U.N. Envoy Resumes Talks With Colombian Rebels Trying to Save Peace Process

Hours from a government deadline, a United Nations envoy met with commanders of Colombia's largest leftist rebel army Saturday to try to revive peace negotiations.

Envoy James LeMoyne held a second day of talks in a rebel safe haven amid cautious hopes that he could patch up the 3-year-old peace process between the Revolutionary Armed Forces of Colombia and the government.

"We think that we're advancing, but we're still working," said LeMoyne, who warned earlier that the South American country hung between peace and all-out war.

A rebel commander involved in the talks was seen burning a document, something the rebels have traditionally done with working papers during the negotiations.

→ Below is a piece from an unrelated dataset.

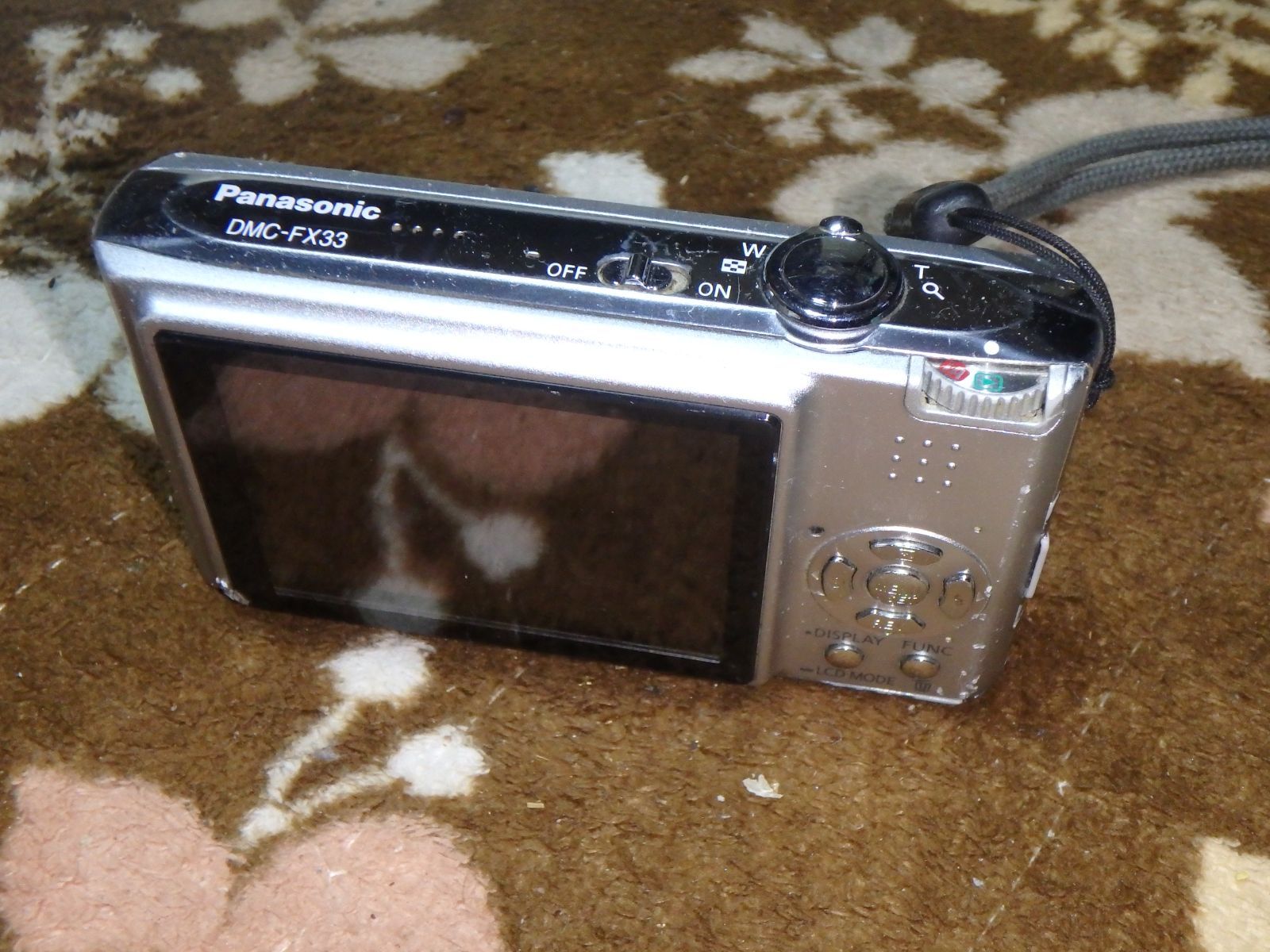 動作品 PANASONIC DMC-FX33 LUMIX デジタルカメラ - メルカリ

A few hours earlier, a car bomb exploded near the wall of a military base a few miles north of the rebel haven, injuring 15 civilians, the army news agency said. Troops had been arriving at the base in the town of Granada ahead of the deadline. No one immediately claimed responsibility for the blast.

President Andres Pastrana declared peace efforts over Wednesday and threatened to send troops back into the rebel haven. But the next day he gave LeMoyne until Saturday night to restart peace talks, which the rebels suspended in October after the army instituted security controls outside the zone.

If LeMoyne failed to achieve a "positive result," Pastrana said he would give the rebels 48 hours to abandon the five main towns in the Switzerland-sized safe haven in southern Colombia. Army troops were ready to move into the zone, which many feared would greatly escalate the 38-year-old civil war.

Prayers for peace were held in the Roman Catholic church in the zone's main town, San Vicente del Caguan. The church was packed with local politicians, firefighters, businessmen, ranchers, housewives and children carrying small white paper signs saying "Peace."

"In this crucial moment of the history of our country, we need tolerance," said the Rev. Miguel Angel Serna, who called for dialogue rather than fighting.

He lashed out at military leaders of both sides for waging a war that kills some 3,500 people every year.

"Good people — humble campesinos, humble rebel fighters and humble soldiers — have died in combat, but not the big leaders," Serna said. "It is the good who fall."

At the closest military base to the zone, an army commander said reinforcements had poured in over the past few days.

Army Maj. Geraldo Cano, chief of operations for the Hunter Battalion based in the town of Florencia, said the soldiers were ready to move into the zone at a moment's notice.

A veteran rebel, interviewed in San Vicente, echoed pledges that the insurgents would pull back from the five towns if Pastrana ended the safe haven, which he agreed to three years ago as a condition for starting peace talks. But the rebel said the countryside of pastureland and thick jungle was another matter.

"If the government wants the rural areas — even a place five minutes from here — they'll have to fight for it," said Mauricio, who wouldn't give his last name.

Meanwhile, government negotiator Camilo Gomez began a second day of talks in Cuba with Colombia's smaller rebel movement, the National Liberation Army. The discussions are aimed at creating a framework for formal negotiations.